## What is needed
Whatever appears in the records, retype it exactly, except for the pictures.

## Listed records
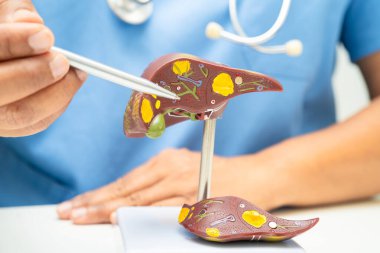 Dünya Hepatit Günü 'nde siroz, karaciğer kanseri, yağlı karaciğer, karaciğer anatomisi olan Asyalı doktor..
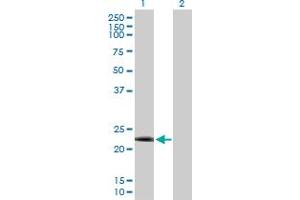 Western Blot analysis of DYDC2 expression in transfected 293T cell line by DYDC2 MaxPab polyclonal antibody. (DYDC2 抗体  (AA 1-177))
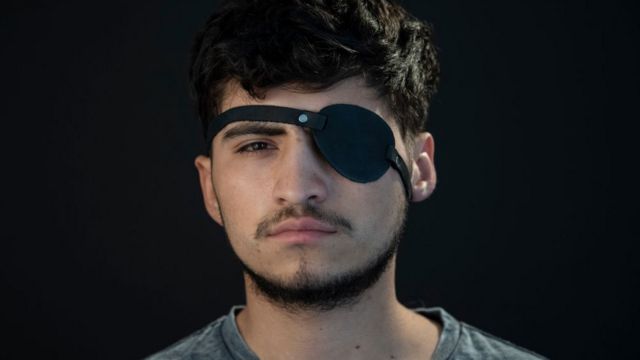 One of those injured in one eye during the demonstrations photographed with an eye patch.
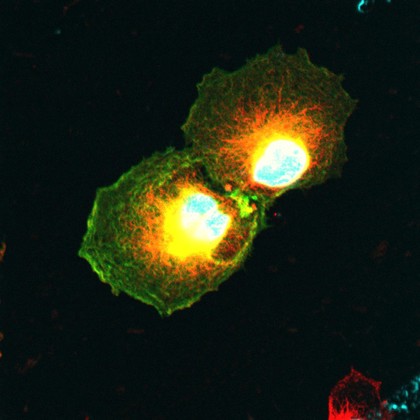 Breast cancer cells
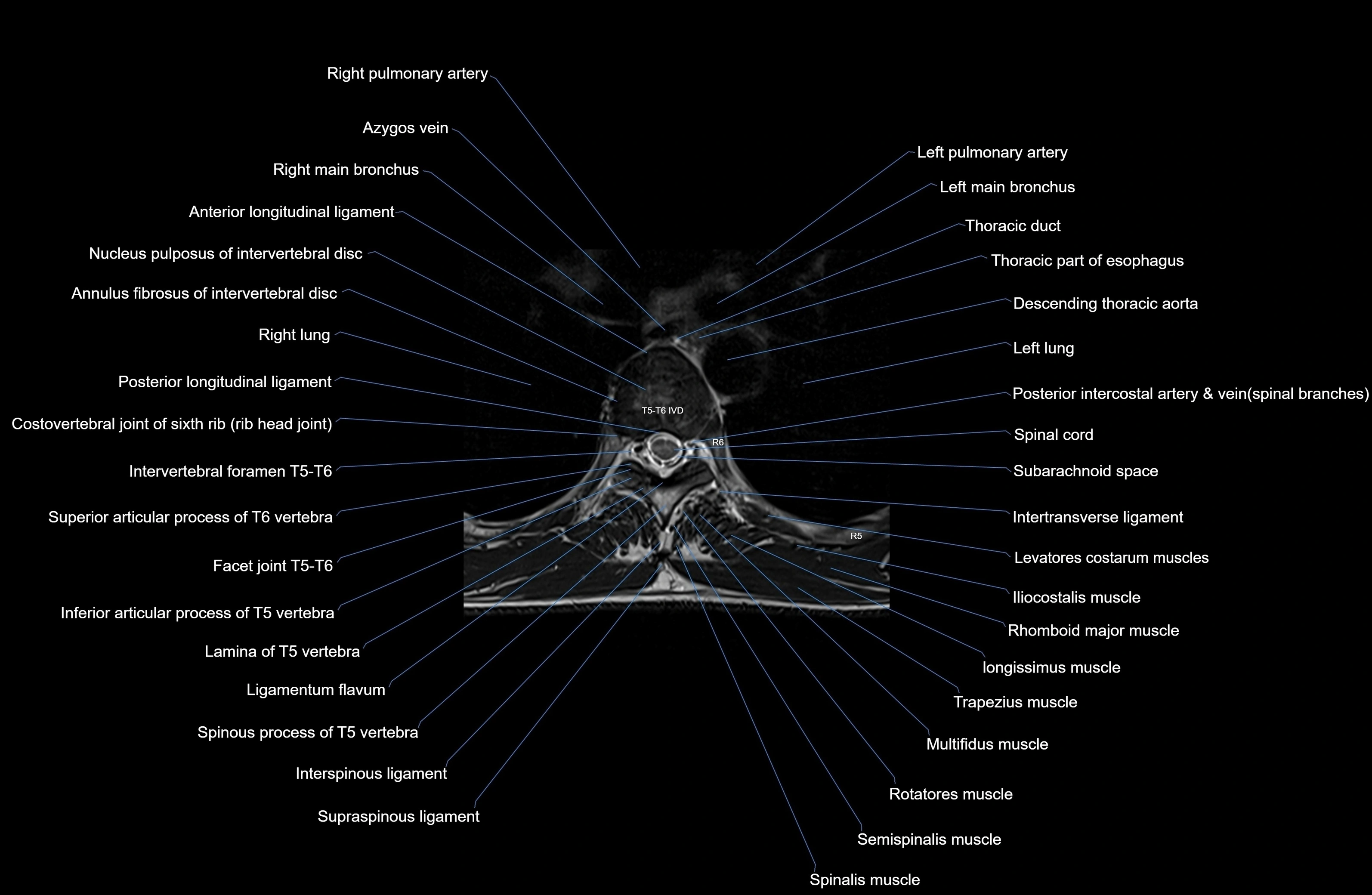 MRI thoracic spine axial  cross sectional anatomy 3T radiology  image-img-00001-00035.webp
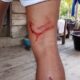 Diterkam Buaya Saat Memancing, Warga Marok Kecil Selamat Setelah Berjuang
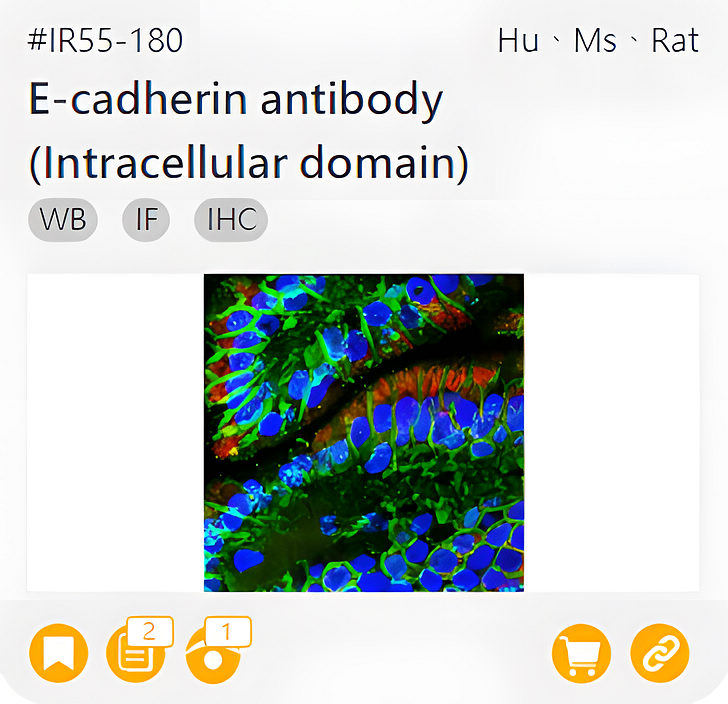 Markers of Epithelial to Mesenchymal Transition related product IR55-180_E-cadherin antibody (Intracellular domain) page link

## Task response
 Dünya Hepatit Günü 'nde siroz, karaciğer kanseri, yağlı karaciğer, karaciğer anatomisi olan Asyalı doktor..
 Western Blot analysis of DYDC2 expression in transfected 293T cell line by DYDC2 MaxPab polyclonal antibody. (DYDC2 抗体  (AA 1-177))
 One of those injured in one eye during the demonstrations photographed with an eye patch.
 Breast cancer cells
 MRI thoracic spine axial  cross sectional anatomy 3T radiology  image-img-00001-00035.webp
 Diterkam Buaya Saat Memancing, Warga Marok Kecil Selamat Setelah Berjuang
 Markers of Epithelial to Mesenchymal Transition related product IR55-180_E-cadherin antibody (Intracellular domain) page link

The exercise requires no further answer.